Task description ▸ Exactly as written, please repeat the data that follows, but not the pictures.

Information supplied ▸
---*---

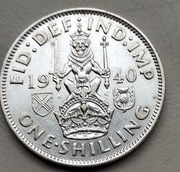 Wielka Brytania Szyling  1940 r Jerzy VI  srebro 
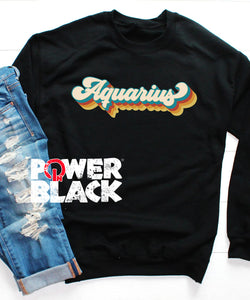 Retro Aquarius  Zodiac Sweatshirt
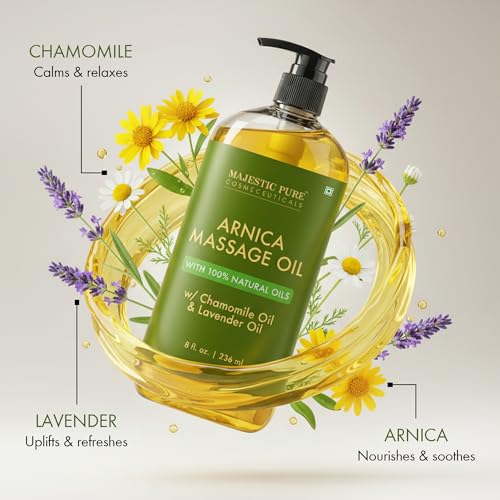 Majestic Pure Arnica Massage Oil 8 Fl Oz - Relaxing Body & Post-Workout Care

---*---

Expected output ▸
 Wielka Brytania Szyling  1940 r Jerzy VI  srebro 
 Retro Aquarius  Zodiac Sweatshirt
 Majestic Pure Arnica Massage Oil 8 Fl Oz - Relaxing Body & Post-Workout Care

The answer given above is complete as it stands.